Monday, 25 April 2011

Making a move

Still waiting...the clocks keep ticking, life goes on, trials and tribulations, bills keep rising, grass keeps growing and all while knowing that change is just around the corner!

How long have we been waiting on moving now? 6 months, 7 months? We sold my mum’s house last autumn and stupidly thought finding a house and buying it would be the easy part. Silly billies. We originally had decided on a beautiful fully finished slightly extravagant house 1 mile out of our preferred zone. We all fell in love with its decadent charm, its turret, its Jacuzzi bath and log burning stoves. However some form of sensibility took Murkie and I through a financial exercise and although we knew we could afford the mortgage, when you added up everything else we soon realised that if we wanted spare money to play with, to snowboard with and holiday on, money to buy treats for the kids and toys for the adults then this could not be the house for us.

We made a practical decision, the first one in years, and let the big house go. Find a small town house, on the doorstep of work and school. That’s what we needed. Something cheap and cheerful. Something that would put money back in our pockets! Not so easy. But then suddenly we found somewhere that fitted our criteria. We viewed, we liked, we offered. It wasn’t ‘the one’, it wasn’t our dream home. But it had everything we needed and we knew we would not be here for longer than five years, so we set our hearts on it and we started the battle of the deeds.
And this went on for months. Haggle this, haggle that. Demanding, deciding, slipping, and sliding. Taking money from Peter to pay to Paul. Finally it all fell through. Back to square one. Deals undone.

We looked at more houses. Nothing fit. And then our current home turned into an ungrateful money pit. The pressure builds. We NEED to get out. We start thinking about the only houses left on our lists, we start thinking about settling for a third, fourth option. It’s only for five years. Just to get out of here and on our feet financially again.

And then a breakthrough! A house in the same street we love! Same location, different number in the road. Thank the lord, I’ll take it now. Here have my soul, it’s yours. And we are back here again. Still waiting, patiently.
Patience...definitely what i came back to learn this time. Along with numerous other lessons I suspect but patience is well up there. Every person I have come to care about has at some time or other told me I must learn to be patient. Go figure!
Anyway, house number three has to be the one. It ticks all the boxes. We have a little under six weeks to go. So far the arrangements are looking solid. Price agreed. Paper work in order. Date to move agreed. This house has turned up the pressure, more astronomical bills, things are breaking that we should pay to fix, the grass is demanding our attention every week and we feel detached from its protection. It’s our cage, our folly. Totally stretched us almost to breaking point.

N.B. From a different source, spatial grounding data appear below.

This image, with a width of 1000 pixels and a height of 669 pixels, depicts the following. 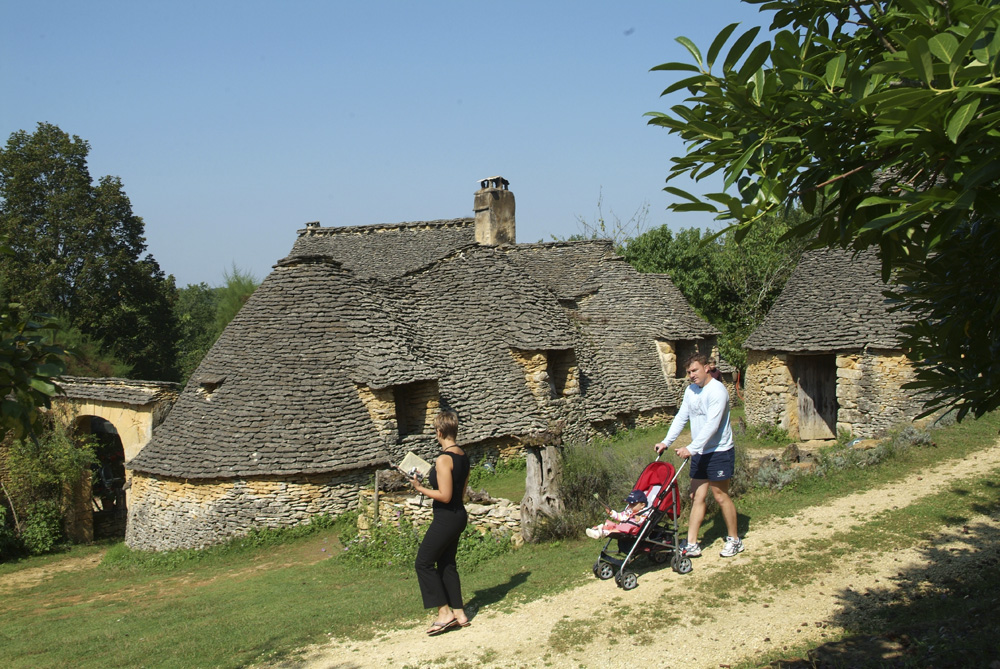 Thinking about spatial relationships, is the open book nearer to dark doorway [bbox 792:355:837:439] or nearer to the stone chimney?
dark doorway [bbox 792:355:837:439]

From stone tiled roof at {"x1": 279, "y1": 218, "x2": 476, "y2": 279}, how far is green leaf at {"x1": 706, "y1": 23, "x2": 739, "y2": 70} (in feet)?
78.2

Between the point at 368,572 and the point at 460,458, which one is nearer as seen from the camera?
the point at 460,458

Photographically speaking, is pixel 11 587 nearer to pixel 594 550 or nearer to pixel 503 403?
pixel 503 403

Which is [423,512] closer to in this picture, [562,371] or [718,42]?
[562,371]

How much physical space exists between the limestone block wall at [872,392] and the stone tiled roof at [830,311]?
435 mm

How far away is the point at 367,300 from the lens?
17906mm

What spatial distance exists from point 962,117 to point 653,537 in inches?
224

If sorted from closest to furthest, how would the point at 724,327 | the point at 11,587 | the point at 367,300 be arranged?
the point at 11,587, the point at 367,300, the point at 724,327

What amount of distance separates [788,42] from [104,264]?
36937 millimetres

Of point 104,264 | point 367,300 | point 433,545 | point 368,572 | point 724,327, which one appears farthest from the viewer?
point 104,264

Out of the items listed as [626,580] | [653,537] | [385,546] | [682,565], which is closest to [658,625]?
[626,580]

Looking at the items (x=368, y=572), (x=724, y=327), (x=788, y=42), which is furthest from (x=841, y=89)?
(x=724, y=327)

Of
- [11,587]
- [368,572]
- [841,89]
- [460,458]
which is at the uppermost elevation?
[841,89]

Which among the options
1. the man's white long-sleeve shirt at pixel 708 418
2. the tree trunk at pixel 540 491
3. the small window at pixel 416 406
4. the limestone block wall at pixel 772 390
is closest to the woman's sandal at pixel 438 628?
the man's white long-sleeve shirt at pixel 708 418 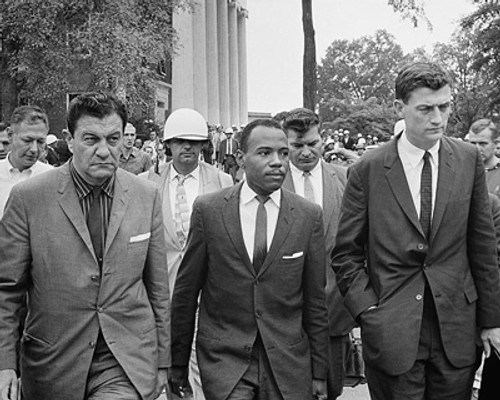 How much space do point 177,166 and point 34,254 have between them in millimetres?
2837

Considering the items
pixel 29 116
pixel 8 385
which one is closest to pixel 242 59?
pixel 29 116

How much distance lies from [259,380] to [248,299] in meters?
0.45

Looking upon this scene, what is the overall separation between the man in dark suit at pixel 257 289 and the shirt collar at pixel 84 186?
587 mm

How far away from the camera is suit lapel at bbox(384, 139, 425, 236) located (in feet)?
14.6

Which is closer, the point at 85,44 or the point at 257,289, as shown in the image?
the point at 257,289

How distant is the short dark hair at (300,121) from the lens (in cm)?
599

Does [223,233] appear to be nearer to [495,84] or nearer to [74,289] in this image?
[74,289]

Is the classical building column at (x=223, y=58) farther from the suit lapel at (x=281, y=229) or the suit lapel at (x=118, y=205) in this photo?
the suit lapel at (x=118, y=205)

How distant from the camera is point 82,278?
4145 millimetres

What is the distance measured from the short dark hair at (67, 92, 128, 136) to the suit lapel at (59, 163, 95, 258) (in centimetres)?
28

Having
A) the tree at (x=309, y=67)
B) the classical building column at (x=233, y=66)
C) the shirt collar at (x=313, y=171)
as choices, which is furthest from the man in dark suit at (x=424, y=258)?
the classical building column at (x=233, y=66)

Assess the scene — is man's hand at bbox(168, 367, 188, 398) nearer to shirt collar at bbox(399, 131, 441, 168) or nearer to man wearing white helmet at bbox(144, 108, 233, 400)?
shirt collar at bbox(399, 131, 441, 168)

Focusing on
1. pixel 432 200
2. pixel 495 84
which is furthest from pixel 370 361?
pixel 495 84

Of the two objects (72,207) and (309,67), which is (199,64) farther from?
(72,207) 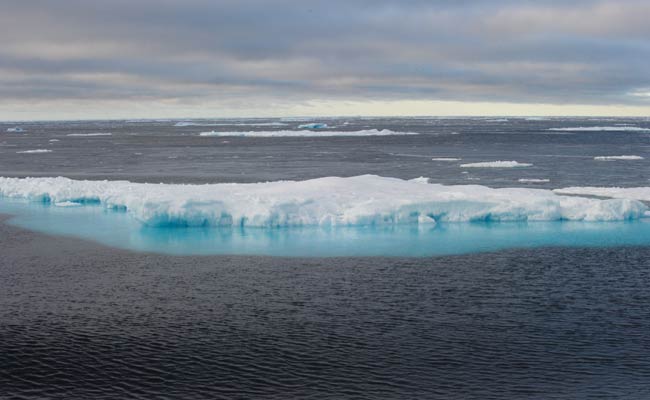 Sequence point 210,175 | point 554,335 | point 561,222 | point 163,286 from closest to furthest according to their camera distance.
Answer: point 554,335, point 163,286, point 561,222, point 210,175

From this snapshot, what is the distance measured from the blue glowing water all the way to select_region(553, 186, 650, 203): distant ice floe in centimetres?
428

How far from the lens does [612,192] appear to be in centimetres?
3064

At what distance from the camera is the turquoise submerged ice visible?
22.0 meters

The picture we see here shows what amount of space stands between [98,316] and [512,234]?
13372mm

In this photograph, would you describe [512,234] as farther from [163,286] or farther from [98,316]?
[98,316]

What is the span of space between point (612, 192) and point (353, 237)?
43.8ft

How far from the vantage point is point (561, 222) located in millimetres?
25328

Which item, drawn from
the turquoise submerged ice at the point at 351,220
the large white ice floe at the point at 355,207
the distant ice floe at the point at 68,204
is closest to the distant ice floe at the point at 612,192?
the large white ice floe at the point at 355,207

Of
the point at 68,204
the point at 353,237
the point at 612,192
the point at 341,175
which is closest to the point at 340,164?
the point at 341,175

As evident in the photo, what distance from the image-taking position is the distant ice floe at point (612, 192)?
96.8ft

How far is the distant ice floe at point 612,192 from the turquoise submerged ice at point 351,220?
3.93 meters

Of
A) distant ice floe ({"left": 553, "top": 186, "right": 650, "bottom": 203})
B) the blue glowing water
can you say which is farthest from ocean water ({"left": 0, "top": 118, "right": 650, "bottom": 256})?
distant ice floe ({"left": 553, "top": 186, "right": 650, "bottom": 203})

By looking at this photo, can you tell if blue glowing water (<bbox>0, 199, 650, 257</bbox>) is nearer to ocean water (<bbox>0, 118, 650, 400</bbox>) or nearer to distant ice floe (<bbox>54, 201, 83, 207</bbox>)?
ocean water (<bbox>0, 118, 650, 400</bbox>)

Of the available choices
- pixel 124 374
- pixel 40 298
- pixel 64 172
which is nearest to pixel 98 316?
pixel 40 298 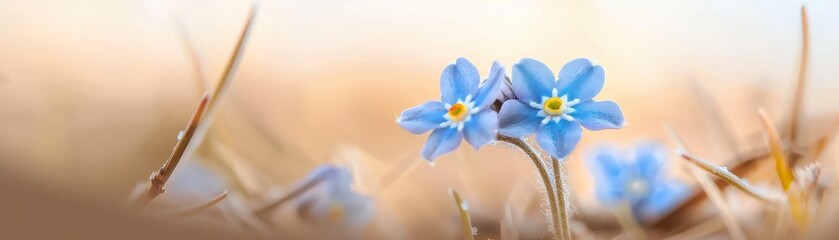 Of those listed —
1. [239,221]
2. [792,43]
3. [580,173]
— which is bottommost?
[239,221]

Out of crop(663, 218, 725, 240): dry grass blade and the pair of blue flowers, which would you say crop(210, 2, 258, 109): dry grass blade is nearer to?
the pair of blue flowers

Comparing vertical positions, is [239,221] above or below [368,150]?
below

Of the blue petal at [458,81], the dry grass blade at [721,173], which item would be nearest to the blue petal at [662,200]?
the dry grass blade at [721,173]

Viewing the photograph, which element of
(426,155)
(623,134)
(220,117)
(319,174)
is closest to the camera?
(426,155)

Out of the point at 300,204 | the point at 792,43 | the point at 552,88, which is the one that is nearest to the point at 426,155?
the point at 552,88

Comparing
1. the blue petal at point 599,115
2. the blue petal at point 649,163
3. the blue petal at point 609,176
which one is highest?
the blue petal at point 649,163

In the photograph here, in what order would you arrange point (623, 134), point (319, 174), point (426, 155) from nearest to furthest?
point (426, 155) → point (319, 174) → point (623, 134)

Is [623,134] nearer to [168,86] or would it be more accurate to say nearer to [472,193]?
[472,193]

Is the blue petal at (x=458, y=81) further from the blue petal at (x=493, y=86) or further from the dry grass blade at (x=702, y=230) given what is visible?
the dry grass blade at (x=702, y=230) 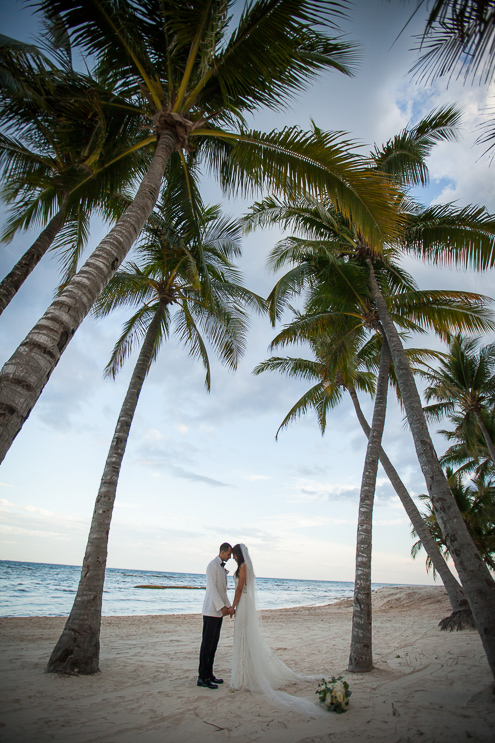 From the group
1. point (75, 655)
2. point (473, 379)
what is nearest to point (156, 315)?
point (75, 655)

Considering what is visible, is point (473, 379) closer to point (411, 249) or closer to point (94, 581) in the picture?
point (411, 249)

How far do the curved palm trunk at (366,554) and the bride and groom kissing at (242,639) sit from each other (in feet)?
2.67

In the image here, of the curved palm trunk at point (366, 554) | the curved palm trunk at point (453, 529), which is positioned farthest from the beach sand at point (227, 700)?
the curved palm trunk at point (453, 529)

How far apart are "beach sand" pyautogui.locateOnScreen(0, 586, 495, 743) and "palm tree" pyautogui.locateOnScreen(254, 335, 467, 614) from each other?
6.44ft

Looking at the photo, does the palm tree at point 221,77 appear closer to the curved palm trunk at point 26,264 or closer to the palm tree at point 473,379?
the curved palm trunk at point 26,264

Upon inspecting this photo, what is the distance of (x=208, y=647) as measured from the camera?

So we wait. Nervous as the days tick by. Hoping, praying almost that this will work. We can’t afford another fall through. We can’t take it, it will crucify our hope. I ply all my positive thoughts into this transaction. Please let it go through, please let it go through. Anywhere is better than here. We all want to move on, move out. We all need to move on.

25 houses we shortlisted and viewed. Now there are none left. This has to be the one. Please.